You select a NZDB, if you have a very clean source and need just fanout of the source with less additive jitter. However, your application should be fine with the propagation delay, the NZDB will have. You will have different options to match different signaling standards here.

AVCMOS name/design came in from one of the companies Cypress acquired, IMI. It is another name for variable output impedance (VOI), or sometimes called variable slew rate (VSR). It is a type of output buffer that has a strong drive current from the beginning of a switch (ie. rise or fall time) to about the mid-point of the switch. At about mid-point, some of the legs of the transistors shut off so that the drive current is reduced, and the resulting transition from mid-point of the switch to the final settling value is smooth (i.e. little overshoot/undershoot). This way, higher frequencies can be achieved without as much overshoot/undershoot. It's called "variable impedance" because the impedance changed depending on whether you're looking at the start of the rise/fall time or the end. Actually, "variable slew rate" is perhaps a more accurate description.     

Check the KnowledgeBase Article Titled: AVCMOS Outputs of CY2CC810 Explained at: http://www.cypress.com/?id=4&rID=39987

The output impedance of Cypress Zero Delay Buffers is between 20-30 ohm, unless otherwise specified in the datasheets. So its recommended to use a 20-30 ohm series resistor to match a 50 ohm transmission line. Since the output impedance for the ZDBs is between 20-30 ohm, it is recommended to start with (X-28) Ohms series termination placed as close as possible to each output pin (where X is the transmission line impedance you connect to), thus assuming a 28 Ohms output impedance initially. So if you connect the output to 50 Ohms, then 50-28=22 Ohms series termination will be required for impedance matching.

Tracking skew can be defined as the deviation of the output of the PLL from its input.

We can expect the feedback signal to be stable as any variations there itself can cause instability with the locking and have the PLL working in Acquisition and tracking mode which are the two states of a PLL: phase-locked or acquiring lock. Any larger change to the frequency and phase to the Reference or Feedback is going to make the clock lose its lock and relock to the new frequency and phase. Cypress usually does not define and measure the tracking skew for the devices and provide as a value. It should be noted that PLLs are normally capable of tracking long-term jitter. PLLs, by design, are incapable of tracking cycle-to-cycle jitter, because the PLL response time is typically slow. When the modulation occurs at a rate and level that is too difficult for a PLL to track, the PLL may give a “best-effort” tracking which is referred to as tracking skew.     

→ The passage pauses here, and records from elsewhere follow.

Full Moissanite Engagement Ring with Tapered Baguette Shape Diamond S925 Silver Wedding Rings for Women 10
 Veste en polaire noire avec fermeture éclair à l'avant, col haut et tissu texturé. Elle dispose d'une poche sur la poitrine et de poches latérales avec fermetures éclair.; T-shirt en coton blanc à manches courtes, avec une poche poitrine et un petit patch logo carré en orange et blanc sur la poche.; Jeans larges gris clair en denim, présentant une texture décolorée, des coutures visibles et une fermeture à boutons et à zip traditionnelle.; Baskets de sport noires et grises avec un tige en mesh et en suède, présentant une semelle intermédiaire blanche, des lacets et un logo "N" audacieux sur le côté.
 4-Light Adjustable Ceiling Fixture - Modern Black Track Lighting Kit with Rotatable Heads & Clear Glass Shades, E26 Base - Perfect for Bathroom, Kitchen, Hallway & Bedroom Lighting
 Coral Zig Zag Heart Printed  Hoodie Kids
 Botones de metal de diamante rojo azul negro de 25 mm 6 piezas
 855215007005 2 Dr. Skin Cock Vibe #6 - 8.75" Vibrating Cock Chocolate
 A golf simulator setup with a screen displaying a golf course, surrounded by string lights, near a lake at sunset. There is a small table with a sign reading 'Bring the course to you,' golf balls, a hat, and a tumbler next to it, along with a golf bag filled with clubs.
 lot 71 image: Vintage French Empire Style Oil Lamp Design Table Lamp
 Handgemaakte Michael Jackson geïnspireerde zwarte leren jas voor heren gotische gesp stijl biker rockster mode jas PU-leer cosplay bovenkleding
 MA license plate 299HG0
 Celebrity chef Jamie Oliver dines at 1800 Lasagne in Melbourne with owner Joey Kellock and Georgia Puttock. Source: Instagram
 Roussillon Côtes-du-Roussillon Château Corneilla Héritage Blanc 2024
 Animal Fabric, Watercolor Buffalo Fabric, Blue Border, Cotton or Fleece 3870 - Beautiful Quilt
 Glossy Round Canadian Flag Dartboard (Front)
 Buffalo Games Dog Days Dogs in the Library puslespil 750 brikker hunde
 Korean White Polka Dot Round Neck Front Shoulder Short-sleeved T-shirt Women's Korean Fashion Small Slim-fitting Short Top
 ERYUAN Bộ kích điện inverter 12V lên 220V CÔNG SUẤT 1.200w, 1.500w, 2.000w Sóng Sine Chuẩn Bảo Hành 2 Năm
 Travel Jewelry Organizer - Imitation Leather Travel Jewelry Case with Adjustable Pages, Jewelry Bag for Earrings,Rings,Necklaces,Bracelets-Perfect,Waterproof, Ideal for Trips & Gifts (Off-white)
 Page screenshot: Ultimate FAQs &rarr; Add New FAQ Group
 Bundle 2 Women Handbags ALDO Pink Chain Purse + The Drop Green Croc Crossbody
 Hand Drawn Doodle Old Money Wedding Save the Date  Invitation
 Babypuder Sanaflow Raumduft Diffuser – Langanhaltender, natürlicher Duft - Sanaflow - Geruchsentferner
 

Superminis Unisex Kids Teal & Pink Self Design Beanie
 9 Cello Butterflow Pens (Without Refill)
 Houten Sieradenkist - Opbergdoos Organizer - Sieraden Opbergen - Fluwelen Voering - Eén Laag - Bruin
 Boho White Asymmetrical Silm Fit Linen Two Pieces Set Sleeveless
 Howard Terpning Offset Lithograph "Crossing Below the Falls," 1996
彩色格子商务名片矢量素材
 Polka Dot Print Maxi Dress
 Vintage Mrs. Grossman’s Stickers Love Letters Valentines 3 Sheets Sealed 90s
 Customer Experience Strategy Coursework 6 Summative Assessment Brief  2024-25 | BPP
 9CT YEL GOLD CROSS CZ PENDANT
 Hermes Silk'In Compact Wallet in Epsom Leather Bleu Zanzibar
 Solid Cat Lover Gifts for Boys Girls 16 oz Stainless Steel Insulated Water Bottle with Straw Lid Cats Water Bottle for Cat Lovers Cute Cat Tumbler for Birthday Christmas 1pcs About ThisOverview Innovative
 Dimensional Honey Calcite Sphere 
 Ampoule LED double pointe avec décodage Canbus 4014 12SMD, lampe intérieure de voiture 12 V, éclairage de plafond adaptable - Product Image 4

Tracking is synonymous with the locked condition and simply describes the extent to which the loop can follow variations in the input clock frequency. PLLs operate on the phase of signals and therefore are susceptible to changes in the clock edges on the inputs. The transient response of a PLL is generally a very complex, non-linear process. In general terms, the PLL will follow the presence of a slowly occurring signal at the input and does not react to rapidly occurring transitions (frequencies outside of the PLL’s loop bandwidth).     

So with the Tracking skew, cascaded PLLs can have an adverse effect on the amount of skew exhibited. Modulations and excessive input noise that are sometimes created by jitter peaking, can lead a phase-locked loop into a condition of instability that results in less than optimal output conditions.

The jitter transfer characteristic is that of second order low-pass filter with the -3dB point at approximately 1MHz-3MHz depending on its internal configuration (also called close loop bandwidth). This means that if the jitter frequency is less than loop bandwidth, it will pass through the PLL and appear on all outputs.

Jitter transfer characteristics of clock buffers actually peaks at 1MHz where the jitter increases and then rolls down with 20-dB/decade attenuation.